The following compressibility concept is introduced by Harnik and Naor in their recent paper: Given a function $f$ over some domain, a compression algorithm for $f$ should efficiently compress an input $x$ in a way that will preserve the information needed to compute $f(x)$. Note that if $f$ is available (and efficiently computable) then compression is trivial as then $y=f(x)$ will serve the purpose of the compact representation of $x$. Actually, the concept was originally studied in the framework of NP decision problems where unless $P=NP$ $f$ is not efficiently computable, hence the trivial solution is not available.
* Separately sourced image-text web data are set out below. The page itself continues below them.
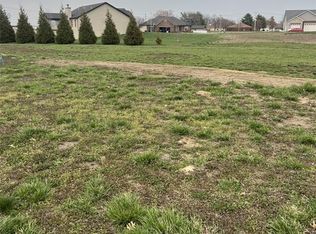 1144 Menominee Trl, Mascoutah, IL 62258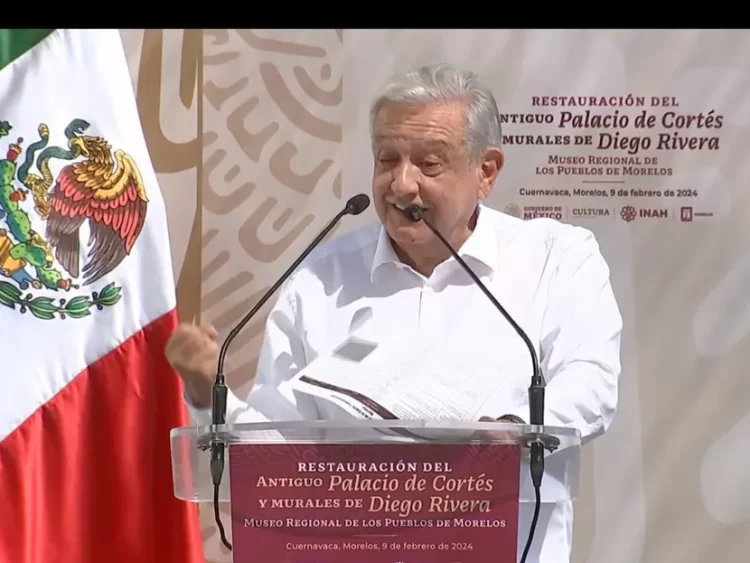 Florea AMLO al gobernador de Morelos, Cuauhtémoc Blanco; trabajamos en equipo, otros me bloquean 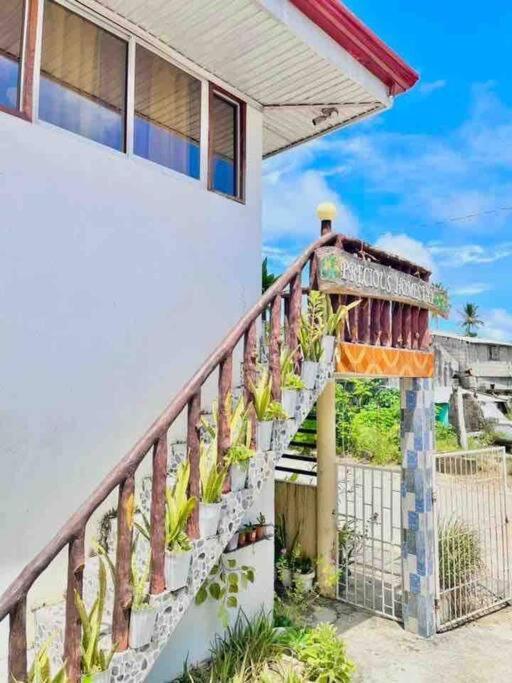Precious Homestay Burgos  Buitenkant foto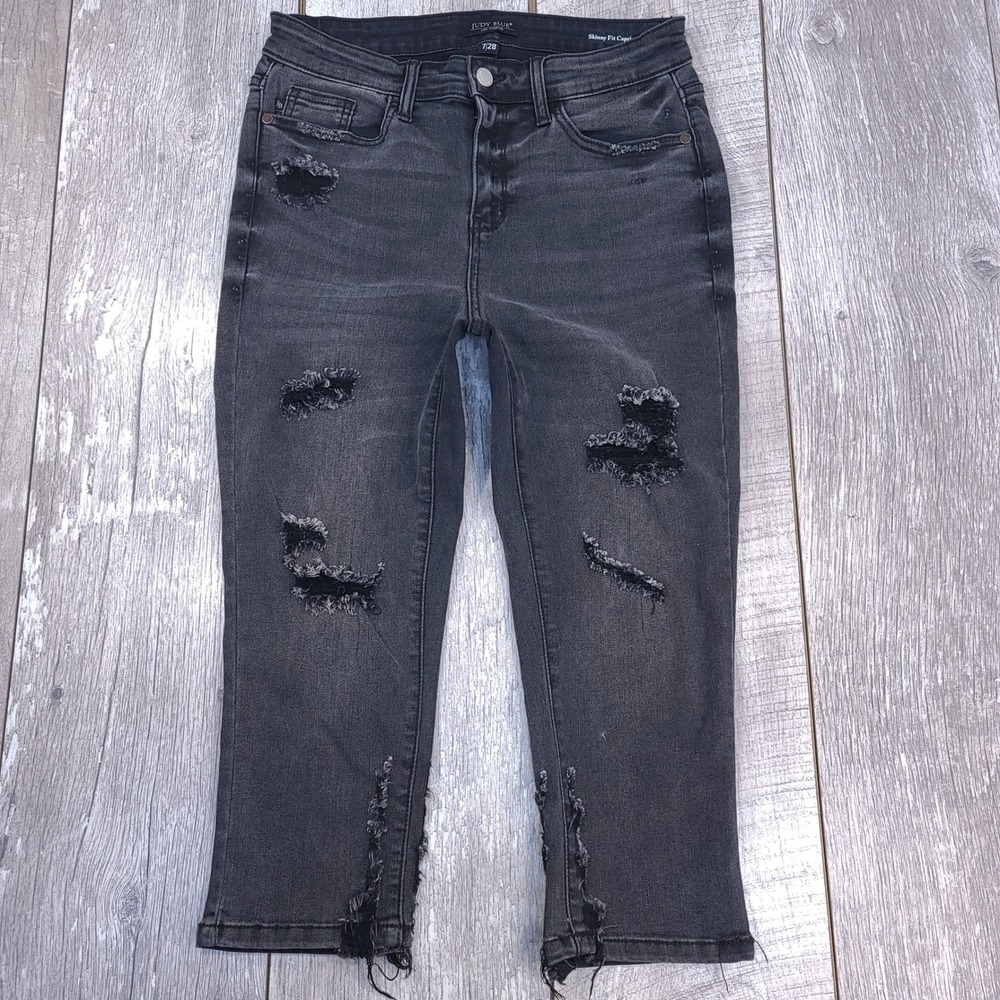 Judy Blue Skinny Fit Capri Jeans Women Size 7 Black Distressed Raw Hem 82270BK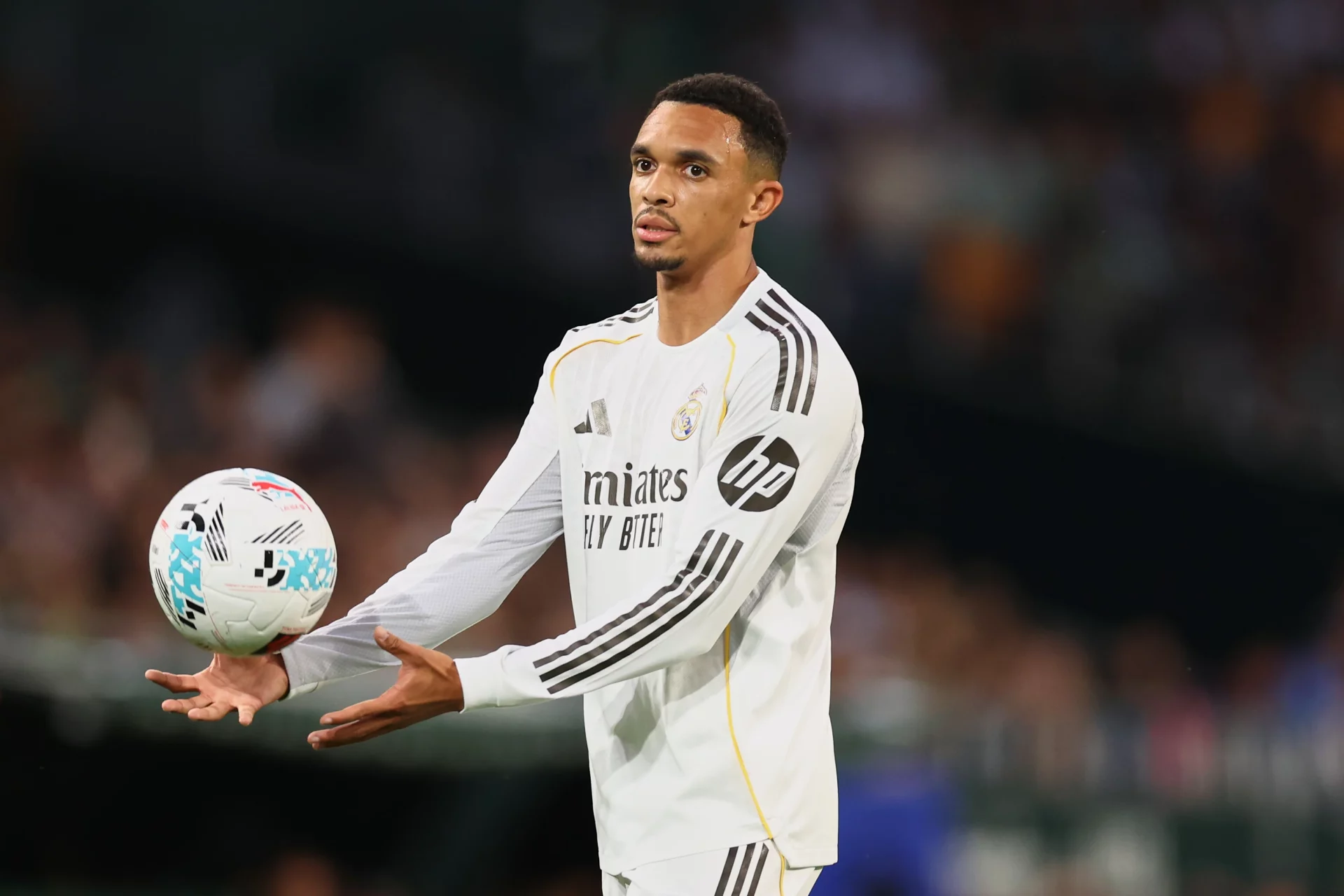Trent Alexander-Arnold sostiene el balón durante un partido como lateral derecho del Real Madrid.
I am wondering if this compressibility notion could be used in learning theory or function approximation? Consider e.g. classification problems so that the output of $f$ is $\{0,1\}$. In order to prevent the trivial solution we may require that $x$ be compressed to some $y$ such that for some fixed (efficiently computable) function $g$, $f(g(y))=f(x)$. We do not require that $g(y)=x$, though if $g$ satisfies this then we certainly get a solution: if a compact representation of $\{ x| f(x)=1\}$ is available then $f$ can be well-compressed. We might allow of course for some error and study approximation rates. Of course, the notation applies to real-valued or more general functions, too. What is the class of functions that can be efficiently compressed? How is this class related to classical smoothness spaces (in the case of real-valued functions)? One obvious thought is that the smoother the target function is, the better the obvious discretization approach would be. It would be interesting to find out whether this new approch could lead to new regularity descriptions by varying the restrictions on the compression.

Another related thought is to compress the training samples in a learning problem such that the solution is kept (roughly) the same.

## 1 comment:

I think this question has been answered in some ways in algorithmic complexity/probability and at a more concrete instantiation, the minimum description length literature.

There is an additional element here, since in MDL you typically just want to compress $x \in X$ (or a sequence of $x_i$). However, there might be additional gains in our case, since we only care about preserving those aspects of $x$ required to approximate $f$.

Then I suppose that the question becomes in what sense you want to approximate $f$ - if you want something that works uniformly over $X$ then why should what the original input matter at all?